[77] The sources of this chapter are fairly plain. There is little reason to doubt that Hippolytus had actually seen and read a book attributed to Simon Magus and called the Great Announcement from which he quotes, after his manner, inaccurately and carelessly, but still in good faith. Whether the work was by Simon himself is much more doubtful, but it was probably in use by the sect that he founded, and therefore represents with some fidelity his teaching. The style of it as appears from the extracts here given is a curious mixture of bombast and philosophical expressions, and bears a strong likeness to certain passages in the chapters in the fifth book on the Naassenes and the Peratæ. The other traceable source of the chapter is the work Against Heresies of St. Irenæus, of which the quotations here given go to establish the Greek text. But intertwined with this, especially towards the end of the chapter, is a third thread of tradition, quite different from that used in the Clementines and other patristic accounts of Simon’s career, which cannot at present be identified.

[78] With Valentinus, we leave at last the tangled genealogies and unclean imagery, as it seems to us, of the early traditions of Western Asia, to approach a form of religion which although not without fantastic features is yet much more consonant with modern European thought. Valentinus was, indeed, with the doubtful exception of Marcion, the first of heretics in the present acceptation of the term, and many features of his teaching were reproduced later in the tenets of one or other of the Christian sects. At first sight, the main difference between his doctrine and that of the Catholic Church consists in the extraordinary series of personified attributes of the Deity which he thought fit to interpose between the Supreme Being and the Saviour. This he probably borrowed either from the later Zoroastrian idea of the Amshaspands or Archangels who surround Ahura Mazda, or, more probably, from the paut neteru, (“company of the gods”) of the Egyptian religion of Pharaonic times; and it has been suggested elsewhere that he probably attached less importance to dogmatism on the matter than the Fathers would wish to make out. But Hippolytus’ account of his other doctrines show other divergences from the Church’s teaching both graver and wider than we should have gathered from the statements of Irenæus, Tertullian, or Epiphanius. His view of the ignorance and folly of the Demiurge seems to be taken over bodily from the Ophite teaching, and, as he identifies him by implication with the God of the Jews, must logically lead to the rejection of the whole of the Old Testament except perhaps the Psalms, Proverbs, and the historical portions. He is also as predestinarian as Calvin himself, for he assigns complete beatitude to the Pneumatics or Spirituals only, while relegating the Psychics to an inferior heaven and dooming the Hylics to complete destruction. Yet the class to which each of us is assigned has nothing to do with conduct, but is in the discretion of Sophia, the Mother of all Living.
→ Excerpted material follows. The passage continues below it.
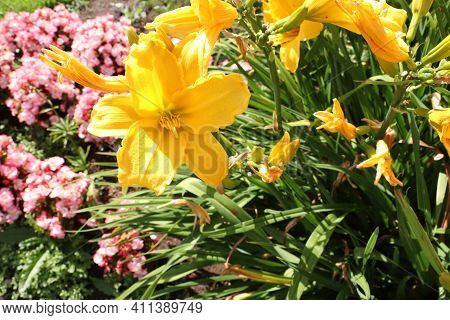 Flowering Day-lily Flowers (hemerocallis Flower), Closeup In The Sunny Day. Hemerocallis Fulva. The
The most marked novelty in Valentinus’ teaching, however, is the cause, according to him, of the gift of this partial salvation to man. This is not, as in the Catholic, the fruit of God’s love towards his creature, but the last stage of a great scheme for the reconstruction and purification of the whole universe. First, the Pleroma or Fulness of the Godhead is purified by the segregation from it of the Ectroma or abortion to which Sophia in her ignorance and ambition gave birth; then the Ectroma herself is freed from her passions by the action of Christ and the Holy Spirit, and made the Mother of Life; and finally this material world, the creation of the God of the Jews, is to be purged by the Divine Mission of Jesus from the gross and devilish elements introduced into it by the ignorant clumsiness of the same God of the Jews. But this theory was poles asunder from the geocentric ideas of the universe then current among Greeks, Jews, and Christians alike, and comes startlingly near the hypotheses of modern science on the very low place of the earth and humanity in the scheme of things. Whence Valentinus drew the materials from which he constructed his theory must be reserved for investigation at some future date; but it is fairly clear that some part of it was responsible for not a few of the tenets of the Manichæism which arose some hundred years later to maintain a strenuous opposition to the Catholic faith for at least nine centuries.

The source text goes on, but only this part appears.